Menurut Sugeng, dalam pernyataannya, Kabid Humas Polda Jateng Kombes Pol. Iqbal Alqudusy dengan tegas menyatakan Ditreskrimum Polda Jateng telah memeriksa pelapor R terkait pelaporan atas dugaan perkosaan yang dilakukan seseorang di Bandungan, pada Senin (24 Januari 2022). Disebutkan, dalam BAP yang bersangkutan mengakui mengarang cerita adanya pemerkosaan.
"Yang bersangkutan mengakui berhubungan dengan orang tersebut namun dilakukan atas dasar suka sama suka, juga sesuai dengan fakta dan hasil dari visum yang kita lakukan bahwa tidak ada tanda-tanda kekerasan di kemaluan si korban. Kemudian juga fakta-fakta dari CCTV baik itu di hotel maupun di luar hotel yang mengindikasikan bahwa yang bersangkutan itu sudah sangat mengenal kepada laki-laki yang dilaporkan sebagai tersangka pemerkosaan".
Pernyataan publik Kabid Humas Polda Jateng tersebut, disampaikan setelah korban R selesai diperiksa si unit PPA Ditreskrimum Polda Jateng. Tapi, keterangan Pers Polda Jateng ini telah diprotes dan dibantah oleh pelapor R dan kuasa Hukum R Hery Hartono melalui berita di www.cnnIndonesia.com, 26 Januari 2022 dengan judul: "Polisi Klaim Pelapor Perkosaan Boyolali Tak Dipaksa, Pengacara Bantah".
"Untuk itu, IPW melihat keterangan pers Kabid Humas Polda Jateng yang menyebut dalam BAP pemerkosaan dengan korban R ini adalah tindakan unprofesional dan unprosedural dengan alasan-alasan sebagai berikut: pertama, keterangan dalam BAP dalam proses penyelidikan adalah informasi yang bersifat tertutup apalagi terkait dengan kasus-kasus kesusilaan, terdapat kewajiban bagi polisi menyimpan rahasia terkait dengan tugas dalam jabatannya. Bahkan isi pernyataan pers tersebut dibantah oleh pelapor korban R sehingga menimbulkan kegaduhan/kontroversi," terang Sugeng.
Kedua, lanjut Sugeng, keterangan pers disampaikan sesaat pada hari yang sama, Senin 24 Januari 2022 setelah korban R diperiksa. Terlihat sepertinya ada kepentingan mendesak informasi tersebut harus disampaikan ke publik. Hal ini perlu dijelaskan kepentingan mendesak apa?

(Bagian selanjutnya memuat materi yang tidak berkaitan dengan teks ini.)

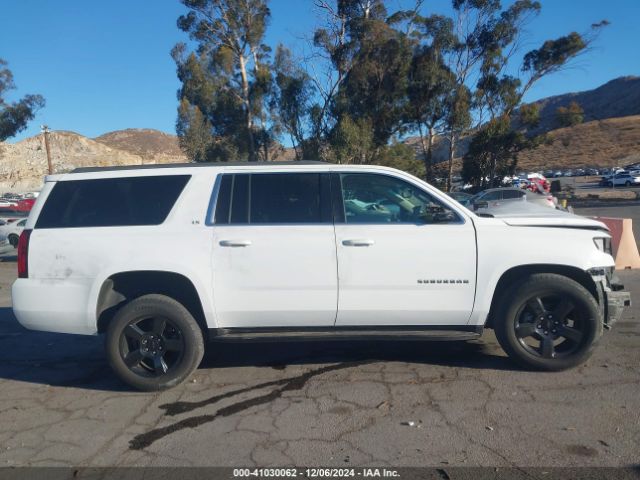 1GNSCGKC8GR179952 Chevrolet Suburban Ls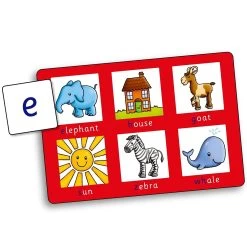 Orchard Toys - Alphabet Lotto Game Ages 3-6 -Playworld Shop OC083AlphabetLotto5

Ketiga, keterangan Pers ini akan berakibat menghambat dan menghalangi penyidikan karena dengan adanya keterangan pers tersebut ada potensi besar terlapor GWS akan mudah membantah dan berkelit setelah mengetahui keterangan pers yang berpihak pada terlapor. Sementara saat pernyataan pers ini dirilis terlapor belum diperiksa.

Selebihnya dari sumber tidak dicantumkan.